If you would ask me what is the best Google Analytics resource, I would’nt think twice before sending you here. However, for the problem we had we found something different. I’m using Google analytics quite a lot on every site I work on. Recently we had a problem at one of my customers sites, where the marketing people working in that company were browsing their website all day, searching in Google their website keywords again and again, and made Google Analytics reports become unreliable. There were so many visits in the reports that were not real customers but our own staff, that we didn’t really know which part of the report was real and which part was our own tracks.

Like in every crime scene, we just needed our guys to put on gloves before touching everything…

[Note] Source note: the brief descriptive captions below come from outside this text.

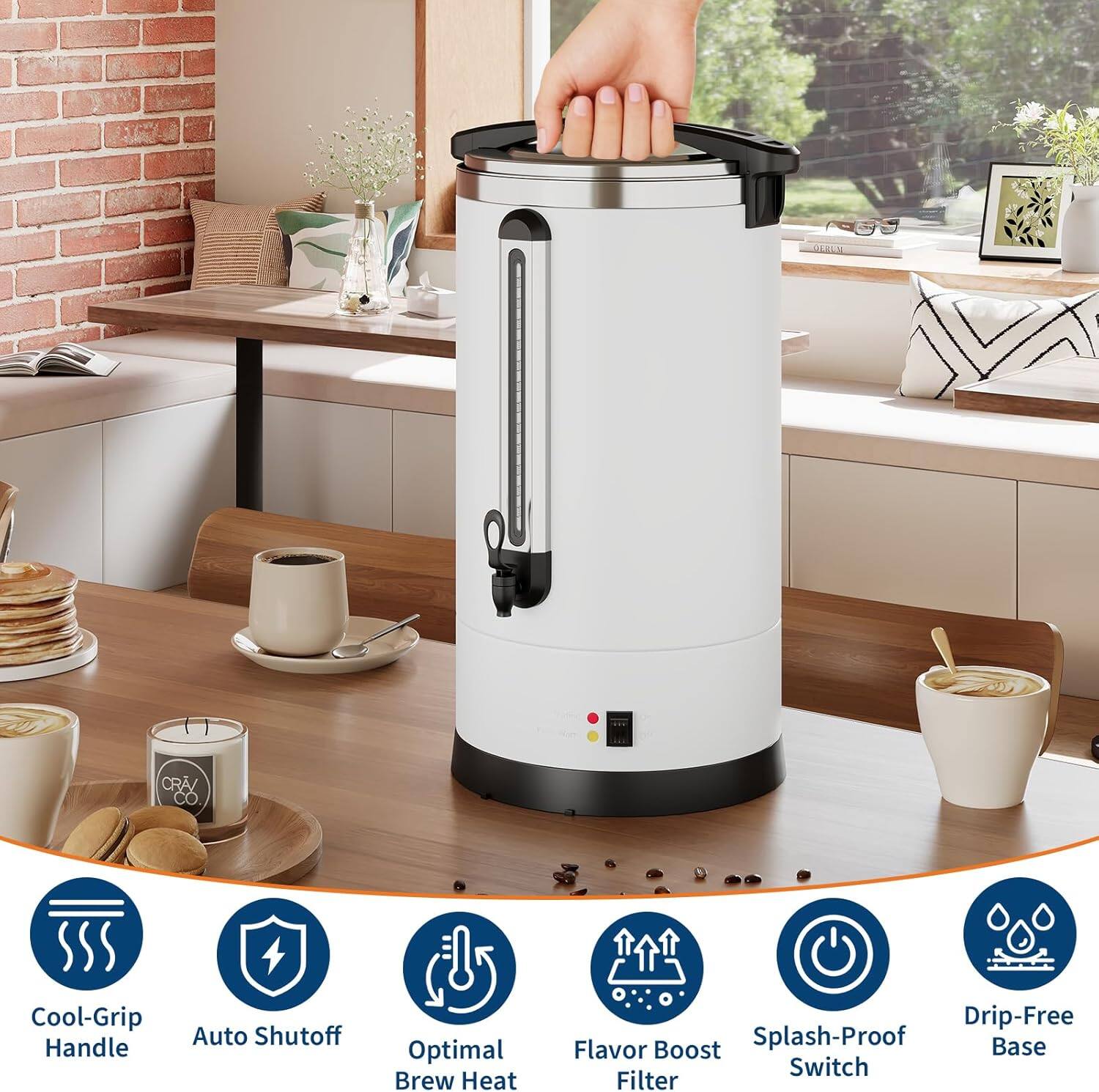 - Cool-Grip Handle
- Auto Shutoff
- Optimal Brew Heat
- Flavor Boost Filter
- Splash-Proof Switch
- Drip-Free Base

The solution was very simple.

1. We created a file called disable_analytcis.php

<?php
SetCookie(”disable_analytics”,”1″ ,time()+91536000,”/”);
echo “Yuhu!, Google analytics is disabled!”;
?>

2. In the site footer, next to the Google analytics code, we added this:

<?
if (!empty($_COOKIE[’disable_analytics’]))
{
echo “Google analytics is disabled”;
}
else
{
?>
//put google analytics code here…
<?
}
?>

That was easy. The hard part was to send the link to disable_analytics.php to all the sales and marketing in that company and ask them to click on the link. They ALL wanted to know exactly WTF is going on here… are we spying on them? yes? no? what do you mean Google keeps track??? anonymous? who authorized this… :)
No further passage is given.